GPU scheduling in Kubernetes: node taints, device plugins, the practical reality

The NVIDIA device plugin, node taints and tolerations, the multi-tenancy reality of one GPU per pod vs MIG vs vGPU. The scheduling primitives that work at homelab scale on a single 1080 Ti and the ones that change shape entirely at fleet scale.

Sid Smith

10 Nov 2025 • 7 min read

GPU scheduling in Kubernetes has the same property as IPv6: every five years the answer is supposedly close to finished, and every five years the actual fleet is still running half the old way and half the new way. The 2025 version is more mature than the 2020 version, but the gap between the documentation and the operational reality is still where teams lose weeks.

I’ve been running the NVIDIA device plugin and an open-source GPU operator on engine-01 (the Linux box with a single GTX 1080 Ti) for long enough to feel the parts of the story that work and the parts that don’t. The 1080 Ti is too old for MIG, too small for vGPU, and not exotic enough to justify any of the heavyweight scheduling primitives, which makes it a pretty honest test of the baseline pattern. The fleet-scale concerns I’m folding in from public reporting, conversations with practitioners, and the documented behavior of the device plugin under more interesting hardware.

The baseline: NVIDIA device plugin

The NVIDIA Kubernetes device plugin is the thing that makes a GPU node’s GPUs visible to the K8s scheduler. It runs as a DaemonSet on every node tagged for GPU work. It exposes nvidia.com/gpu as an allocatable resource. Pods request nvidia.com/gpu: 1 in their resource spec. The scheduler matches.

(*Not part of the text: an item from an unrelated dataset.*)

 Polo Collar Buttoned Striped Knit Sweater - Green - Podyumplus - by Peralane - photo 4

That’s the whole baseline. The plugin handles the device files (/dev/nvidia0, /dev/nvidia-uvm, etc.), the CUDA driver visibility into the pod, and the basic accounting. If you’ve ever installed the plugin and run a nvidia-smi from inside a pod, you’ve seen the baseline working.

The catch (and it’s a meaningful one) is that the baseline gives you one GPU per pod. There’s no fractional allocation in the box. A pod requesting nvidia.com/gpu: 1 gets the whole device. If your model needs half a GPU’s memory, the other half goes idle for the lifetime of the pod.

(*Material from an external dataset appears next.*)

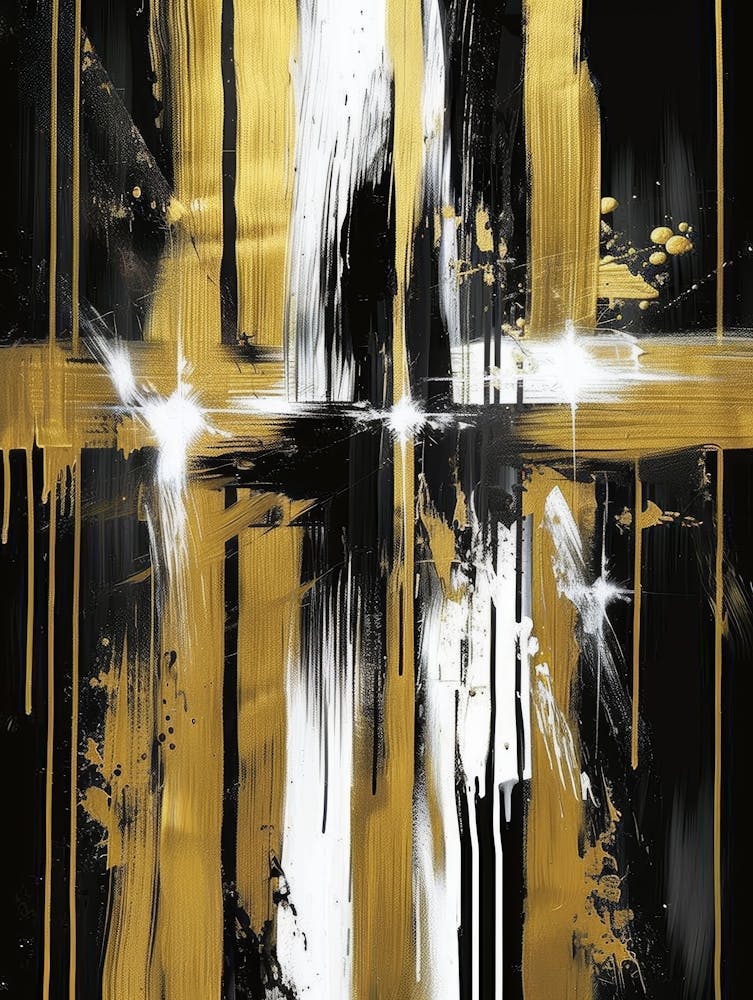 Gold And Black Abstract Painting 41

On engine-01 with one 1080 Ti, that’s the right model. There’s only one GPU. The 1080 Ti has 11 GB of VRAM, which is enough for a 7B at Q4 or two smaller models if you partition by hand, but the partition has to happen inside the serving process, vLLM doesn’t share the GPU with another vLLM instance gracefully, and the scheduler can’t help me there.

At fleet scale, the one-GPU-per-pod model gets expensive fast. An H100 has 80 GB of VRAM; if you’re serving a 7B model and consuming the whole device, you’re paying for 70 GB of unused VRAM. That’s the multi-tenancy problem.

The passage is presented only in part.